Lei pioneira, tribunais especializados, extensa cobertura na imprensa de cada caso: desde o início dos anos 2000, a Espanha virou um dos países mais destacados na luta contra o feminicídio, o assassinato de mulheres motivado por violência doméstica ou discriminação.
Lei e tribunais especiais
Durante o governo socialista de José Luis Rodríguez Zapatero, o Parlamento espanhol aprovou por unanimidade em 2004 a lei de “proteção integral contra a violência de gênero”, envolvendo todos os aspectos da problemática (social, educativa, penal).
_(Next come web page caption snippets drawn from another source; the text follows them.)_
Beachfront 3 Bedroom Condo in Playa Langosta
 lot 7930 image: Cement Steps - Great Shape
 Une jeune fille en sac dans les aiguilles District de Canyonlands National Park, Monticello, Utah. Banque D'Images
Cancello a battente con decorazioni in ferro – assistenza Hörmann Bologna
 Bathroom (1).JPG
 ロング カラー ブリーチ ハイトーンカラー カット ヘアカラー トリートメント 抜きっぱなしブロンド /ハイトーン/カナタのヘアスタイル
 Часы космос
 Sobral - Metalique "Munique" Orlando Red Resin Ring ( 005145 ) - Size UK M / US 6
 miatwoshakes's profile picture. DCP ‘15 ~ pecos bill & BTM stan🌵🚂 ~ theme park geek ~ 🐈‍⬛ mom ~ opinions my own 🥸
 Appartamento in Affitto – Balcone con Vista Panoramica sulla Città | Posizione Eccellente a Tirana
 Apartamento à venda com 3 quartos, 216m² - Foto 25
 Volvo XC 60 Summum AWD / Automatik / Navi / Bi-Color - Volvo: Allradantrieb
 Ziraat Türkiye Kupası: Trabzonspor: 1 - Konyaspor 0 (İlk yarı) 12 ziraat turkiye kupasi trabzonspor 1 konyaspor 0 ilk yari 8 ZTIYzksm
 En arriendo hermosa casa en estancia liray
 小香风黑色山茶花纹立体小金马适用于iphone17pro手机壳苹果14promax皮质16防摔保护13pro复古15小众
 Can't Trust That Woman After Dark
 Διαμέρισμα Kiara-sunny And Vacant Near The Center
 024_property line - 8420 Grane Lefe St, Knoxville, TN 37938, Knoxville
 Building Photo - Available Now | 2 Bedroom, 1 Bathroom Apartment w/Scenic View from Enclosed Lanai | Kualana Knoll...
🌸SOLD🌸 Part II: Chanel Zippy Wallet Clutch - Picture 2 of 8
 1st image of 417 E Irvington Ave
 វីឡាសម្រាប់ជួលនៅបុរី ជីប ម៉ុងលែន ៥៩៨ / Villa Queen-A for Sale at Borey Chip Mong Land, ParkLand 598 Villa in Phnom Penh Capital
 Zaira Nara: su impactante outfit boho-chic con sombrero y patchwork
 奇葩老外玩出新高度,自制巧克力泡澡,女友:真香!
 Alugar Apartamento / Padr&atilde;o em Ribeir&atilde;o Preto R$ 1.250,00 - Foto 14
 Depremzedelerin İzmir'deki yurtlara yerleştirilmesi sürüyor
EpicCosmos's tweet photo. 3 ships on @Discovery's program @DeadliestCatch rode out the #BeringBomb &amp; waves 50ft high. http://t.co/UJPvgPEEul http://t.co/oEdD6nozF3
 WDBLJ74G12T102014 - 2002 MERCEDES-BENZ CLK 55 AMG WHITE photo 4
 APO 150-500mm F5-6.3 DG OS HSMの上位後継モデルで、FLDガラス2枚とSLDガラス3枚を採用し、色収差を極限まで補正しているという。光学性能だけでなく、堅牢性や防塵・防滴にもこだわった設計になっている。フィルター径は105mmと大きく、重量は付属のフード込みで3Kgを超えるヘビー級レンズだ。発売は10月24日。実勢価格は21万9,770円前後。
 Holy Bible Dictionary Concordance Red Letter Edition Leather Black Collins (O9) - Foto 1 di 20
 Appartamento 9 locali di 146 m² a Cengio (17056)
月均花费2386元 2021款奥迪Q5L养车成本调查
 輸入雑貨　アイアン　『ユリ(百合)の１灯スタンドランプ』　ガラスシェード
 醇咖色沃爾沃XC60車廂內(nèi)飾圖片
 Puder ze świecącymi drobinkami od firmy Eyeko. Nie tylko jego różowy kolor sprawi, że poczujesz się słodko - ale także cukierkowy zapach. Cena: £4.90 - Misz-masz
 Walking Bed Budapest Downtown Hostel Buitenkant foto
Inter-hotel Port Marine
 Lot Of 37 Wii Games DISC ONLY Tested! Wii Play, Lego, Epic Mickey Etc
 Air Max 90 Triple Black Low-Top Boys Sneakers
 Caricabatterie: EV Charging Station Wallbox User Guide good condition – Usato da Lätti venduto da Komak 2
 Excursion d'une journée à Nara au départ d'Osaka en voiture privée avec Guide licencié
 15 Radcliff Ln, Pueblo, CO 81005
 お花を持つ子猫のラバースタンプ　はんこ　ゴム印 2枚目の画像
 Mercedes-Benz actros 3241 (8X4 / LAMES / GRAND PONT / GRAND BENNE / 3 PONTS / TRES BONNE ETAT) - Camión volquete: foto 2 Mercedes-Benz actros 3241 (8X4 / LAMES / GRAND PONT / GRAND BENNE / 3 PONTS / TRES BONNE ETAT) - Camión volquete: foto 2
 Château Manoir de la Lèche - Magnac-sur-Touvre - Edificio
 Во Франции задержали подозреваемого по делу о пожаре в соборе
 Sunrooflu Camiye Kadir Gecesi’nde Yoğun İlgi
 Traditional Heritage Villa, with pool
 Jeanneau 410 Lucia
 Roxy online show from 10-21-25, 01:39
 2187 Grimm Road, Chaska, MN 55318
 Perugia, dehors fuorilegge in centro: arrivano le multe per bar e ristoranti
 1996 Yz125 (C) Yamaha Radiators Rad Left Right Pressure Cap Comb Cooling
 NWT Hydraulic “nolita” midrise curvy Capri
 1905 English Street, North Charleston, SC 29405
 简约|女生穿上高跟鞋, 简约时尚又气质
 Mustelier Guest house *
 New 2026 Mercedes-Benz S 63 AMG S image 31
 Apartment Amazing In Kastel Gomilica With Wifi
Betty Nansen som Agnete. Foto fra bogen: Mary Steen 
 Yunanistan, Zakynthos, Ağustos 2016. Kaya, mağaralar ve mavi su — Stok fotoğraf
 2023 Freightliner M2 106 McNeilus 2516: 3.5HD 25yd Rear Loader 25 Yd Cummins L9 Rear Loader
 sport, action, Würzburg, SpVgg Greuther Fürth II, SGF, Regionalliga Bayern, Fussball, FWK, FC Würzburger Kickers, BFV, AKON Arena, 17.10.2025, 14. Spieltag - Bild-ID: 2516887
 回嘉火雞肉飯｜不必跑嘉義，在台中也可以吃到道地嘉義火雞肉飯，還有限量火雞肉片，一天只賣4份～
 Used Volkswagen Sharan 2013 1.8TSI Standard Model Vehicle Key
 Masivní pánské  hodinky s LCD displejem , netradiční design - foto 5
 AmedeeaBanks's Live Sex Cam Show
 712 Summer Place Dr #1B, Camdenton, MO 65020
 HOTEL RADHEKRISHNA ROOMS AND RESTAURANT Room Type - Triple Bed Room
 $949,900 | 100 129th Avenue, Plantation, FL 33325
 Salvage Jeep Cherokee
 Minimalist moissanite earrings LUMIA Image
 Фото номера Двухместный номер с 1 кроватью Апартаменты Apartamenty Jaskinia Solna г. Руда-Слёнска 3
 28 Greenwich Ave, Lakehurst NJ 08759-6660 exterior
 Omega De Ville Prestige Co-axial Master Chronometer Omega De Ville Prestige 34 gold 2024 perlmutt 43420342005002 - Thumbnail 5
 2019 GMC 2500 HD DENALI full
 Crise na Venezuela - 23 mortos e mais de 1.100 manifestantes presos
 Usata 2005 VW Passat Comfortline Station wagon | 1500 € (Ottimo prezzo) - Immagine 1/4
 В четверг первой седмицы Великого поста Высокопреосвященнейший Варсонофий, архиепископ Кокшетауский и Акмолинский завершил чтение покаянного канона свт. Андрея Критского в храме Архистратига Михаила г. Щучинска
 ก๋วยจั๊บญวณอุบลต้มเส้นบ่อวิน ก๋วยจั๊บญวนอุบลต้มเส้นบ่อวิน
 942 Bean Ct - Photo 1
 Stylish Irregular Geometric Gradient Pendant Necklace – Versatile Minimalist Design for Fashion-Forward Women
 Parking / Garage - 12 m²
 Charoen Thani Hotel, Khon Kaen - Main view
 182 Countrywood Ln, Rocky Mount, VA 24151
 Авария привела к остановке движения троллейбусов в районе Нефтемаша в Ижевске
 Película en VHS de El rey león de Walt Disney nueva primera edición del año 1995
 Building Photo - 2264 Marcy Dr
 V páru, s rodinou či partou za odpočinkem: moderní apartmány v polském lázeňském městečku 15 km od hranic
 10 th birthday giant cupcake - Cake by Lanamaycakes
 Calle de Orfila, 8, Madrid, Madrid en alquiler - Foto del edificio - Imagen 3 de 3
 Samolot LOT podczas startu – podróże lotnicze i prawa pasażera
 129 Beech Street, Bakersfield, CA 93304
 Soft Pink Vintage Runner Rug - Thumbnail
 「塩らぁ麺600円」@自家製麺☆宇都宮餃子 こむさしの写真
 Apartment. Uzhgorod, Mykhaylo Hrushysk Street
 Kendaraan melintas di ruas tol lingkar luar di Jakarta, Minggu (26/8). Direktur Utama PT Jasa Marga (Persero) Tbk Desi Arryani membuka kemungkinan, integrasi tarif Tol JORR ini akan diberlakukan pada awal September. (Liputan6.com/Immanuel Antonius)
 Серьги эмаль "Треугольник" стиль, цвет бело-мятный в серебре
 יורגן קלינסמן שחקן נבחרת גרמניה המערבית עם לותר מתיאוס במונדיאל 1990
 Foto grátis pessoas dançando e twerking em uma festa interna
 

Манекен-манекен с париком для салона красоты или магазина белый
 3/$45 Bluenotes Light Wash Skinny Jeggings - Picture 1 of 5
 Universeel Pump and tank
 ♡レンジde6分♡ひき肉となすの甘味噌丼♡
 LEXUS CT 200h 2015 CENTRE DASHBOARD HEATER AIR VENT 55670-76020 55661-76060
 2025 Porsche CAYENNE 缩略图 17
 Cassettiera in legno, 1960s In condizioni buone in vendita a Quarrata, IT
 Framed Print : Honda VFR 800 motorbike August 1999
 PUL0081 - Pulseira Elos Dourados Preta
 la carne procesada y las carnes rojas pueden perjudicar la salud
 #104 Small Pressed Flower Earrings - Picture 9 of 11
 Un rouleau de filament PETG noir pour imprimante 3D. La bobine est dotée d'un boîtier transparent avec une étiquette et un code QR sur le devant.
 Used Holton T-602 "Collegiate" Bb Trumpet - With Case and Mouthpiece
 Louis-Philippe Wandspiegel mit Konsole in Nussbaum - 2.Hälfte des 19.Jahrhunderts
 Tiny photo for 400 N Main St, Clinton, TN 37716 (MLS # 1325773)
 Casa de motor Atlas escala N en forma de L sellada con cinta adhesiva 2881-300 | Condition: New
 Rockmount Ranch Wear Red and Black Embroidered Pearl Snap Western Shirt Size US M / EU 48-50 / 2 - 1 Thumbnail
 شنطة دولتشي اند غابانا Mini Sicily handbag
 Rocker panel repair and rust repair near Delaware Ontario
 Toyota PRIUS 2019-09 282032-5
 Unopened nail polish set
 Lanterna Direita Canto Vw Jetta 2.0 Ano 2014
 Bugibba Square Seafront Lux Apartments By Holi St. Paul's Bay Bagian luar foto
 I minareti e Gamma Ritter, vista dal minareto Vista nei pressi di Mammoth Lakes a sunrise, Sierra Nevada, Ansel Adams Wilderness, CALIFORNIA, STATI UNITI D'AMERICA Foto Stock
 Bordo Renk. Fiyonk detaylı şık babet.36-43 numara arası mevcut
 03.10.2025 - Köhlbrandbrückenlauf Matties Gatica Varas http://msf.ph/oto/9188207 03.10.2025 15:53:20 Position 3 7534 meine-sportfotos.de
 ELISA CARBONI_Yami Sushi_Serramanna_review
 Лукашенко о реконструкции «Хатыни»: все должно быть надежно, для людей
Em um país com um movimento feminista influente, impulsionado por uma sociedade civil ativa após o fim da ditadura franquista, o texto afirma a partir de suas primeiras linhas que “a violência de gênero não é um problema que afeta a esfera privada. Ao contrário, se manifesta como o símbolo mais brutal da desigualdade existente em nossa sociedade”.
Cem tribunais e uma promotoria especializada foram criados desde então.
Um promotor pode processar um agressor sem uma denúncia de sua parceira e a primeira apresentação do acusado perante o juiz deve ocorrer dentro das 72 horas posteriores à detenção. As vítimas têm assistência jurídica gratuita.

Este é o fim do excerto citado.